The ruling has upset many who view it as a determination derived from political appointees of President Donald Trump.
However, as HR writer Suzanne Lucas notes, although the NLRB under President Obama viewed the issue differently, “the reality is, it’s a tough sell to argue that Uber drivers could be employees.”
The ruling is important for Uber because, as the New York Times reports, “[c]ontractors lack the protection given to employees under federal law — and enforced by the labor board — for unionizing and other collective activity, such as protesting the policies of employers.”
The NLRB’s rationale in deciding that Uber drivers are not NLRA-covered ’employees’ seems to center largely on the ‘entrepreneurial’ nature of Uber drivers ‘gigs.’
“Three features of the Uber system afforded drivers significant opportunities for economic gain and, ultimately, entrepreneurial independence,” according to the NLRB.
- “First, drivers had virtually unfettered freedom to set their own work schedules—they chose when to log in to the App to receive trip requests and how long to remain online. Drivers needed only to fulfill one trip request per month, and there was no upper limit. For any reason or no reason, the driver could simply log off.”

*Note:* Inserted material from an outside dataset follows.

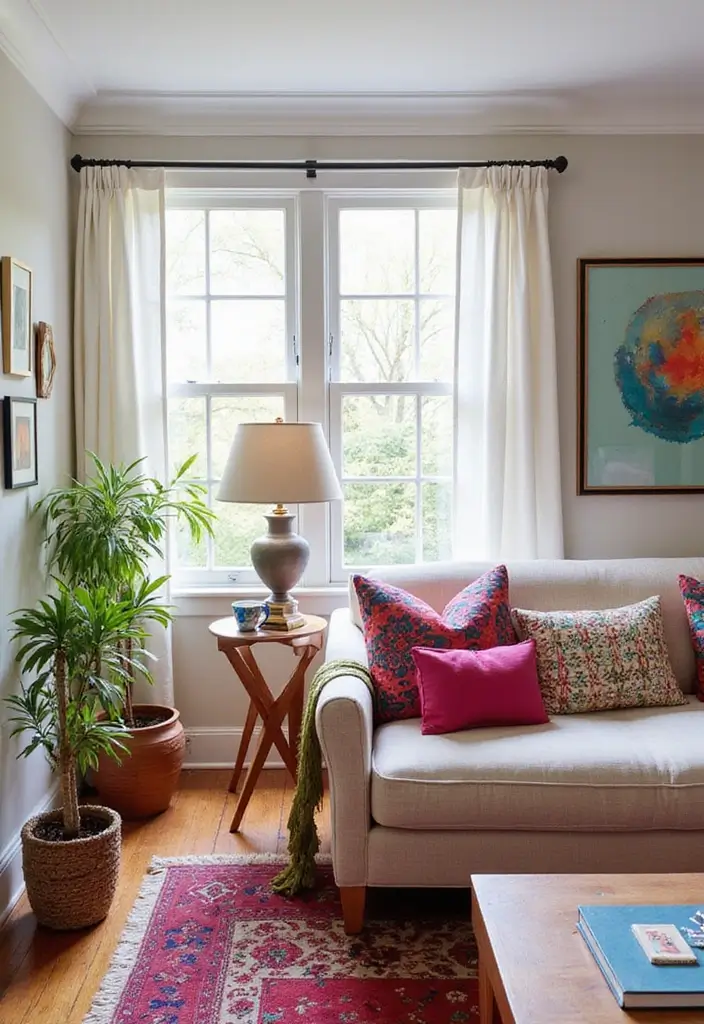 25 Small Living Room Design Ideas That Will Make You Say 'Why Didn't I Think of That?' - 23. A Pop of Color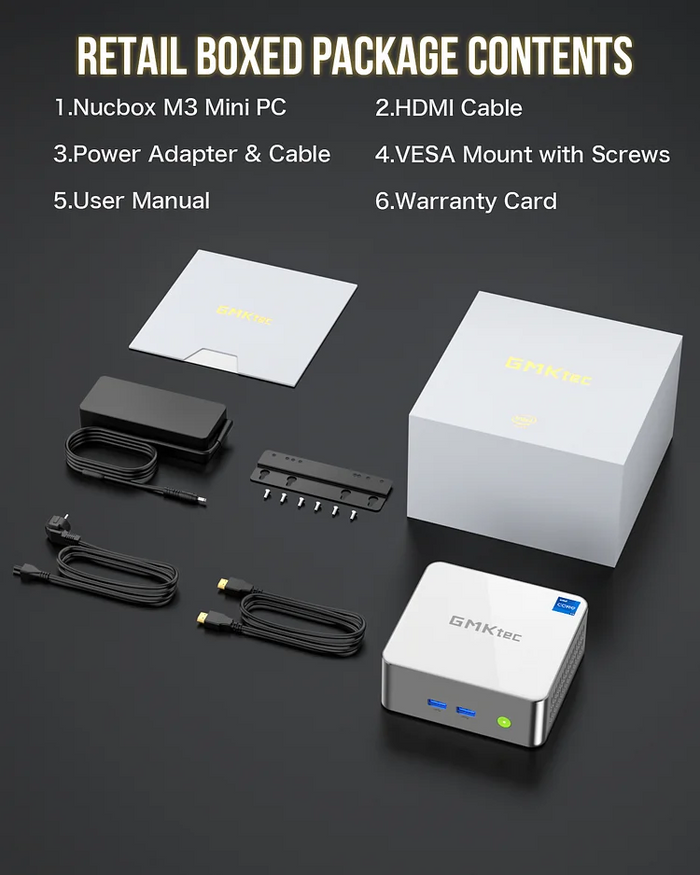 GMKtec NucBox M3 Mini PC - Intel Core i5-12450H | 32GB RAM GMKtec NucBox M3 Mini PC - Intel Core i5-12450H | 32GB RAM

- “Second, drivers controlled their work locations by choosing where to log in to the App, within the broad confines of a geographic market, rather than being restricted to assigned routes or neighborhoods.”
- “Third, drivers could, and often did, work for competitors. In fact, drivers could toggle between different ride-sharing apps at will over the course of an outing. Moreover, Uber placed no limits on this freedom such as restrictions on drivers’ use of their cars or fees that drivers must pay even if they perform no Uber rides.”
- Further, “[d]rivers’ entrepreneurial independence is also apparent in contractual requirements that they indemnify Uber and hold it harmless for liability based on their own conduct.”
- And, “[l]ike certain other companies in the taxicab and shared-ride industries that lack an employment relationship with drivers, as well as many companies concerned with protecting their product or brand, Uber maintained minimum service standards and customer feedback channels to learn of and respond to any relevant customer service issues.” [Emphasis added.]
Uber Shares rose 3.3% on Wednesday, a day after the NLRB issued the Advice Memorandum, reported the New York Post.